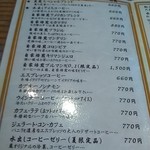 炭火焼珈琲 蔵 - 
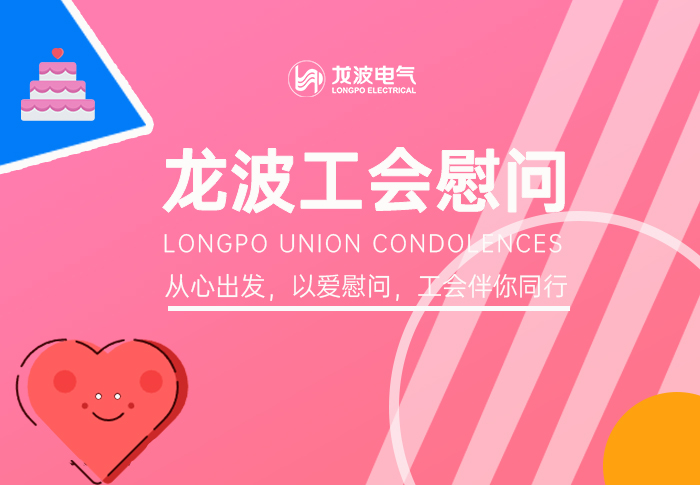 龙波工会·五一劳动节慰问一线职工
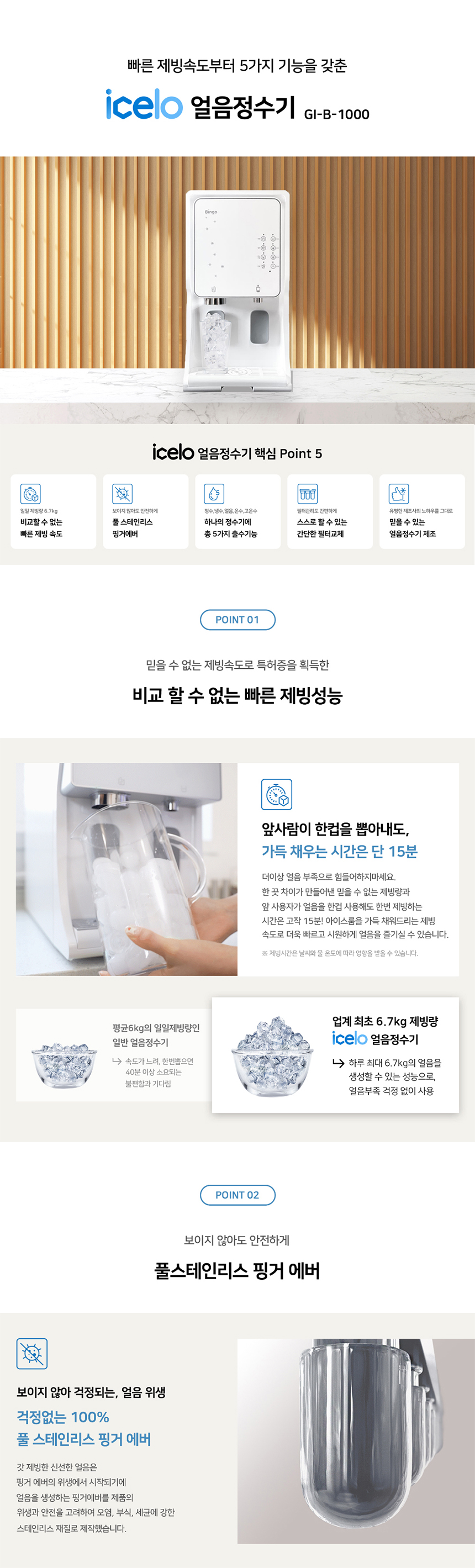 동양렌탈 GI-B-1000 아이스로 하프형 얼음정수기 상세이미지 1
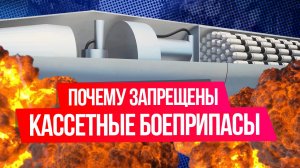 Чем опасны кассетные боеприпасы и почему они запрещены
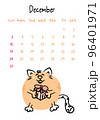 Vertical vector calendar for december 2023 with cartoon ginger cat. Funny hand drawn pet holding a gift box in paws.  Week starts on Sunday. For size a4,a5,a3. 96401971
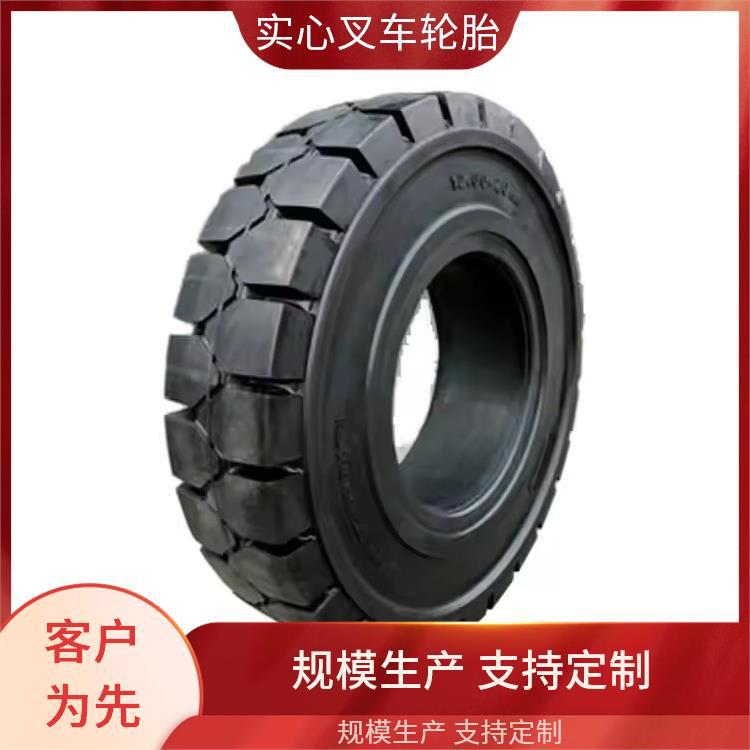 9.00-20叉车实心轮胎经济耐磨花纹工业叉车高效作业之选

• • • • •

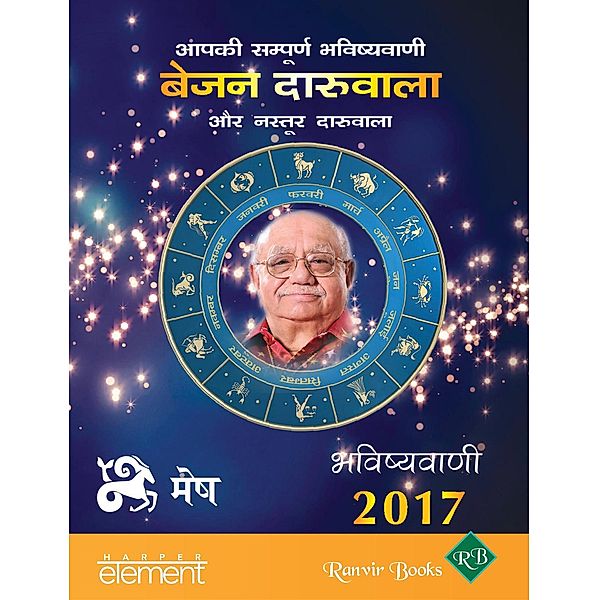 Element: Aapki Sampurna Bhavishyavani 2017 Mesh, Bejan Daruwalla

• • • • •

Task instructions: The expected output is the lines above from the one containing "Чем опасны кассетные" to the one containing "9.00-20叉车实心轮胎经济耐磨花纹工业叉车高效作业之选", both ends included, reproduced exactly with every picture left out.

Solution to the problem:
 Чем опасны кассетные боеприпасы и почему они запрещены
 Vertical vector calendar for december 2023 with cartoon ginger cat. Funny hand drawn pet holding a gift box in paws.  Week starts on Sunday. For size a4,a5,a3. 96401971
 9.00-20叉车实心轮胎经济耐磨花纹工业叉车高效作业之选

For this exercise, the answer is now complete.